The empirical evidence for semi-strong market efficiency was largely based on analyses of how market stock prices reacted to major public announcements of relevant information such as earnings statements and stock splits. The basic idea was that if the market was efficient the price impact of these announcements would be immediate, and subsequent expected returns would therefore be unaffected by the announcement. Fama again concluded that these studies invariably provided support for the semi-strong form of the efficient market hypothesis. The implications of the semi-strong hypothesis are the most provocative to investment professionals as it implies that active fund management cannot be expected to outperform the market except by luck. This is consistent with Famas survey of mutual fund performance in his 1965 paper. Such studies also have a longer history—in 1933, the US economist Alfred Cowles published a paper which showed that buying-and-holding would tend to outperform the recommendations of stock market forecasters.[13] Evidence in support of the semi-strong hypothesis can provide an intellectual basis for market indexing or passive investment management—a form of investing that has rapidly grown in popularity since the 1980s.

In considering the strong form of market efficiency, Fama conceded that there was evidence that corporate insiders have monopolistic access to information that is not in the share price. But even in this case he argued that the investment community is unable to access and use such information to outperform the market. Overall, Famas conclusion was emphatic: ‘In short, the evidence in support of the efficient markets model is extensive and (somewhat uniquely in economics) contradictory evidence is sparse.’[14]

Inevitably perhaps, however, empirical evidence contradicting the efficient markets hypothesis quietly started to accumulate in the decade following Famas emphatic declaration of efficient markets victory.

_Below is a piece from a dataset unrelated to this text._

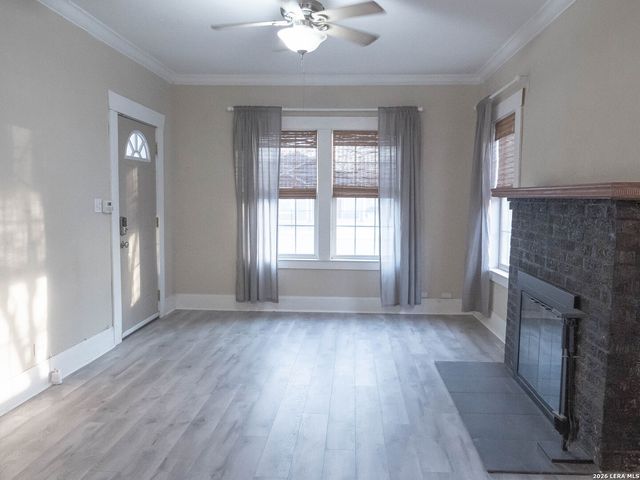 1725 W craig, San Antonio, TX 78201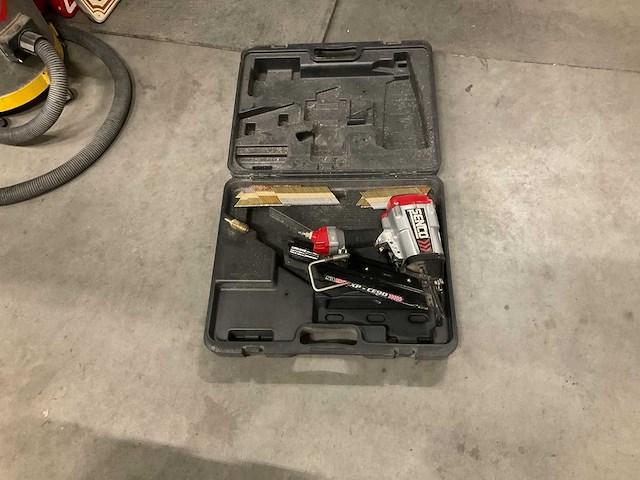 Senco xp ce90 spijkerpistool - afbeelding 1 van  3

The watershed moment arrived in 1978 when Professor Michael Jensen, a leading financial economist of the period, edited a special edition of the Journal of Financial Economics that was dedicated to reviewing this stream of research.[15] Amongst other studies, this research included several analyses of the returns on a diverse range of mechanical trading strategies (including securities such as investment trusts and exchange-traded stock options). If strategies were identified that earned statistically significant excess risk-adjusted returns (after trading costs), this would be regarded as evidence inconsistent with weak-form market efficiency. Unlike in Famas mechanical trading tests of the 1960s, the edition tentatively concluded that several such strategies could deliver excess risk-adjusted returns. But this type of study raised an interesting question: did excess risk- adjusted returns look good for these strategies because markets were mispricing assets or because the theoretical models for assessing the risk-adjusted required returns were wrong (or were missing some features that are important to these complex strategies)? This left some ambiguity in the conclusions which helped to shape the future direction of financial economics research.

Jensen’s special edition helped to create an environment within the financial economics profession where challenge to the accepted wisdom of perfectly functioning financial markets was an accepted part of academic orthodoxy. It ushered in a new era of empirical research in financial economics where the identification of potentially irrational market behaviour was suddenly highly in vogue.

In 1981, Robert J. Shiller published a provocative paper where he argued that the volatility of stock market returns was much, much higher than could be explained by changes in rational expectations for levels of future dividend pay-outs.[16] Using a dividend discount model for equity market valuation, he showed how, under some assumptions about the stochastic properties of the dividend pay-out process, a relationship between the year-on-year volatility of dividend pay-outs and year-on-year volatility of equity price changes could be established. Shiller’s long-term empirical analysis of dividend pay-outs and stock market volatility in the USA implied that market volatility was ‘five to thirteen times too high to be attributed to new information about future real dividends’.[17] In deriving this analysis, the dividend discount model he used assumed a constant real required return. He inverted the analysis and considered how volatile the real discount rate would need to be to generate the observed level of market volatility. He found it would need to have an annual standard deviation of 4-7 %, which he dismissed as economically unfeasible.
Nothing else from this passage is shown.